• **Given information**
⁂

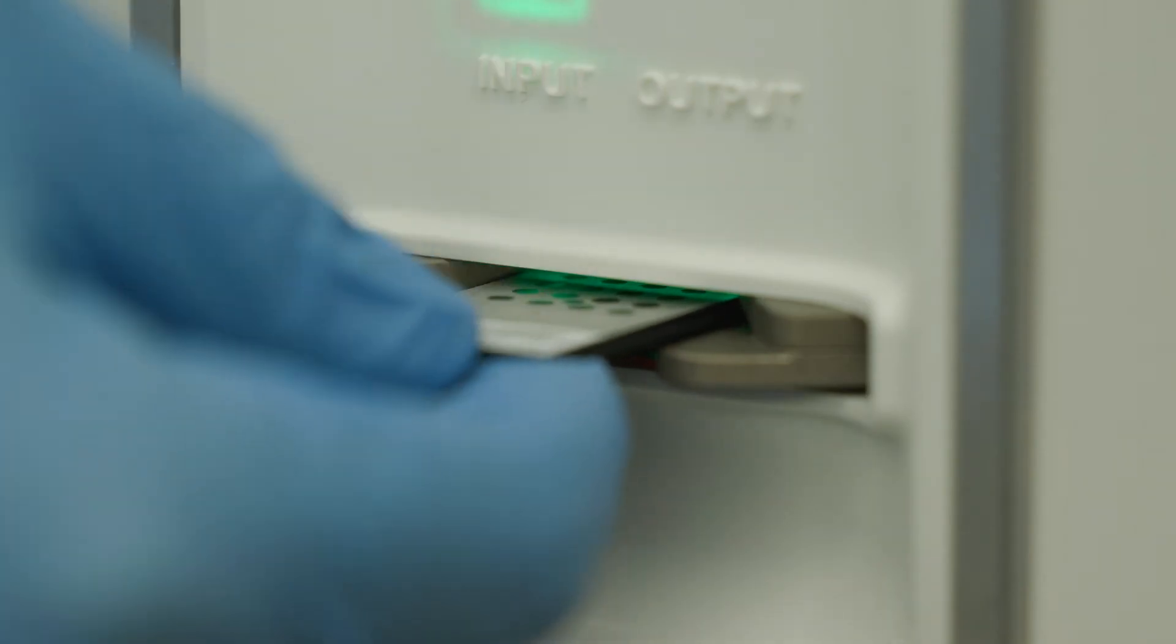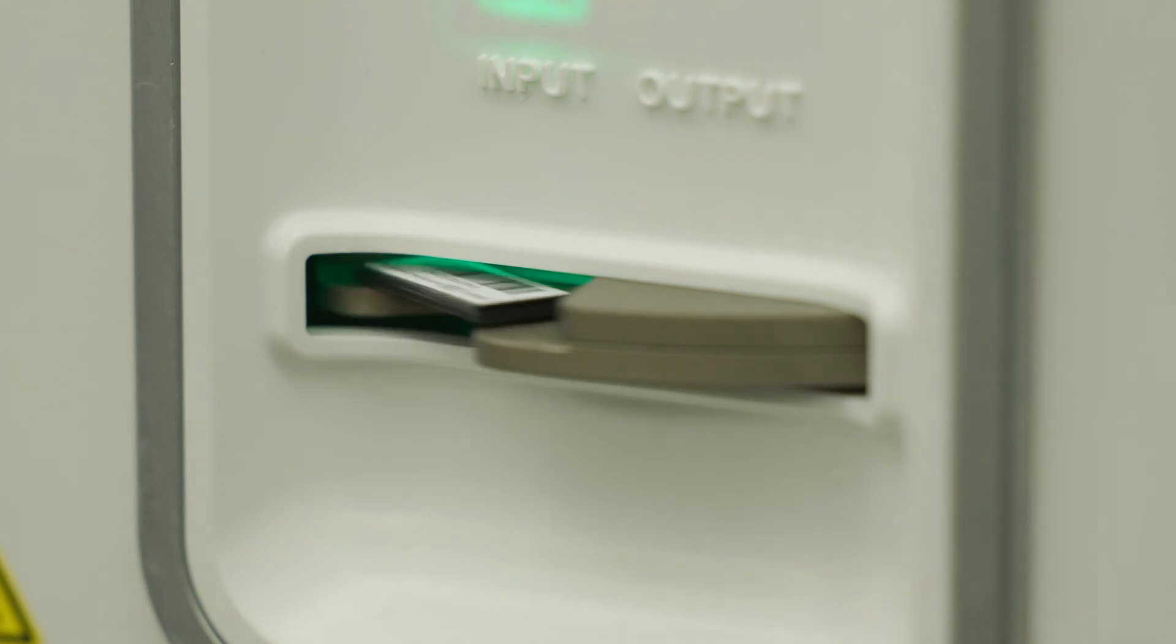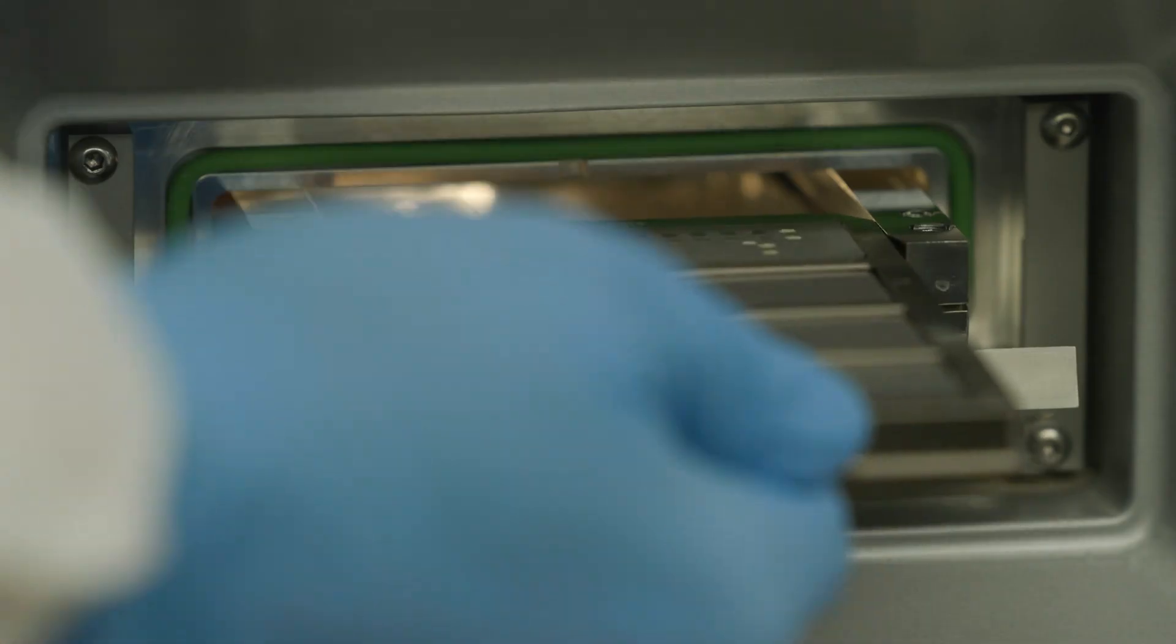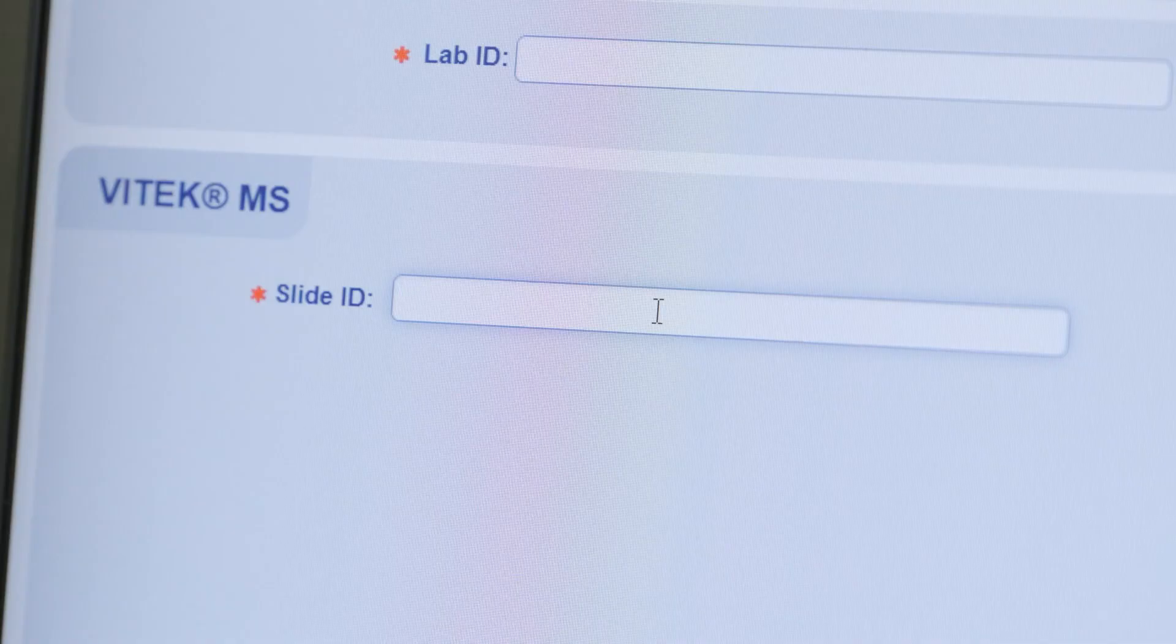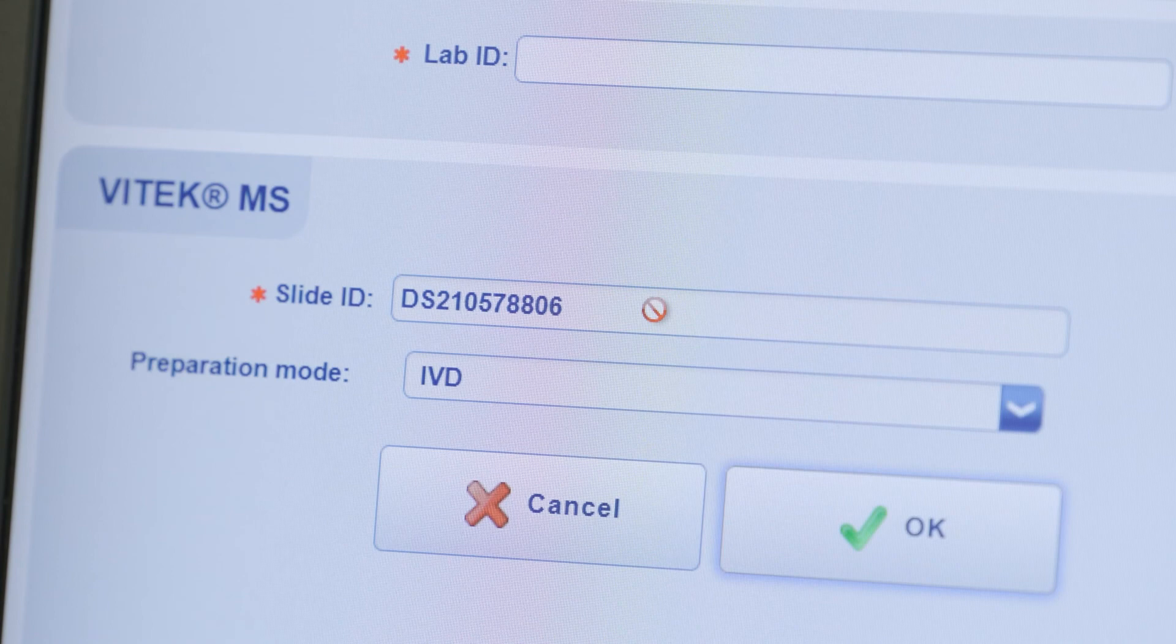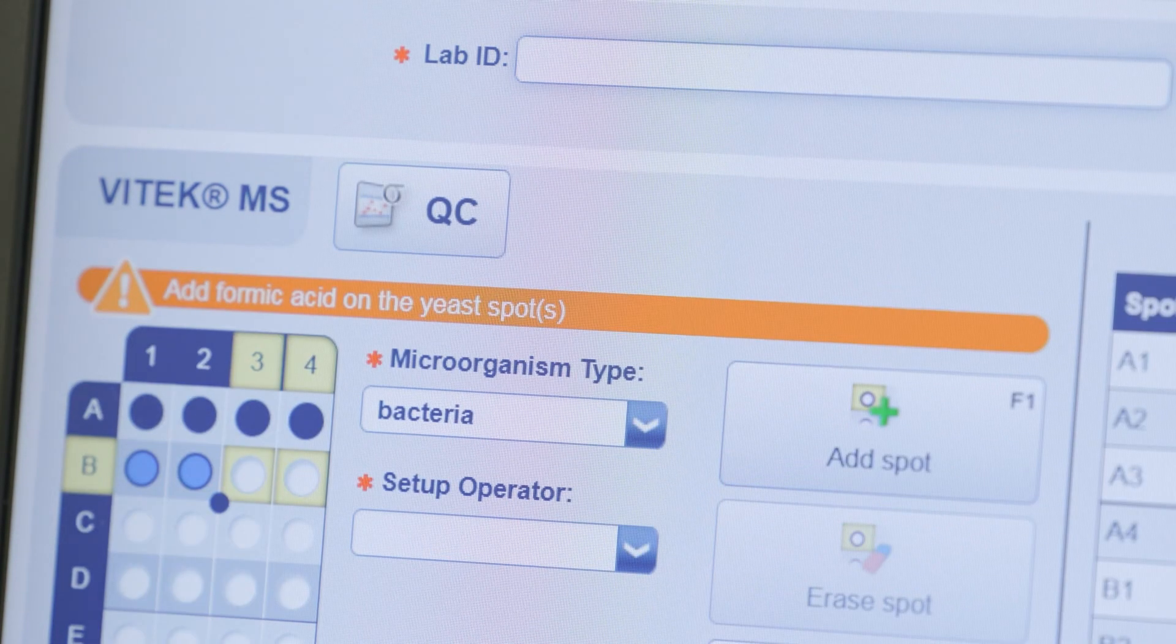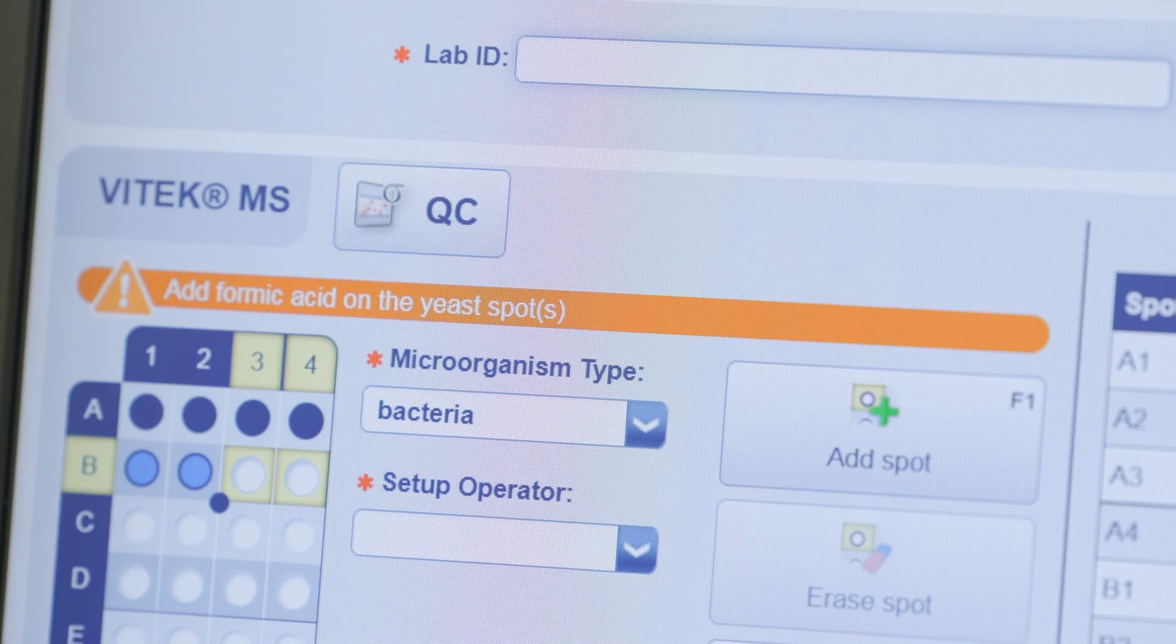The prepared slide can now be loaded on the instrument provided all spots on the slide are dry. It is also possible to reopen the slide for later completion of the acquisition group, providing it has not been acquired.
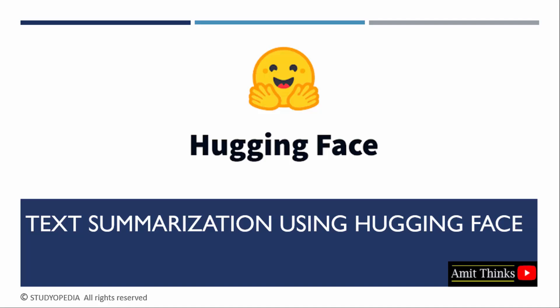In this lesson, we will understand how to perform text summarizations using Hugging Face. First, we will understand why we need to summarize and then we will see a coding example on Google Colab to summarize text. Let us start.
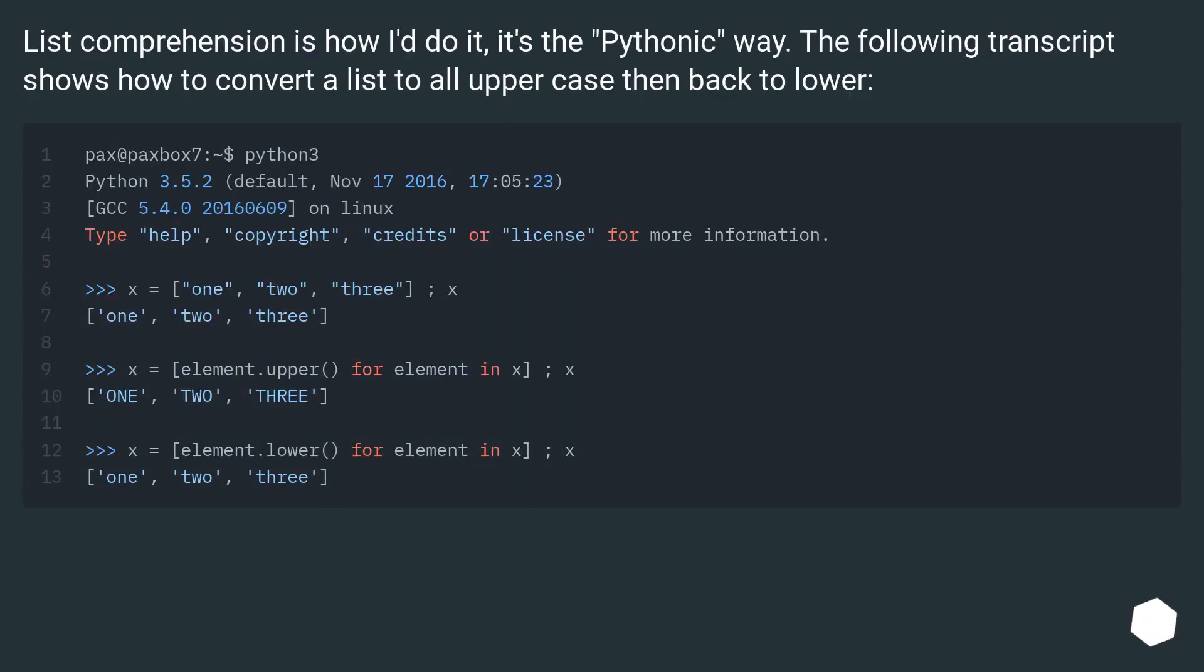List comprehension is how I'd do it. It's the Pythonic way. The following transcript shows how to convert a list to all uppercase then back to lower.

⁂

• **Required work**
Transcribe the opening line of the listing above, please, and every line after it through the line with "In this lesson, we", word for word, without pictures.

• **Answer to the problem**
The prepared slide can now be loaded on the instrument provided all spots on the slide are dry. It is also possible to reopen the slide for later completion of the acquisition group, providing it has not been acquired.
In this lesson, we will understand how to perform text summarizations using Hugging Face. First, we will understand why we need to summarize and then we will see a coding example on Google Colab to summarize text. Let us start.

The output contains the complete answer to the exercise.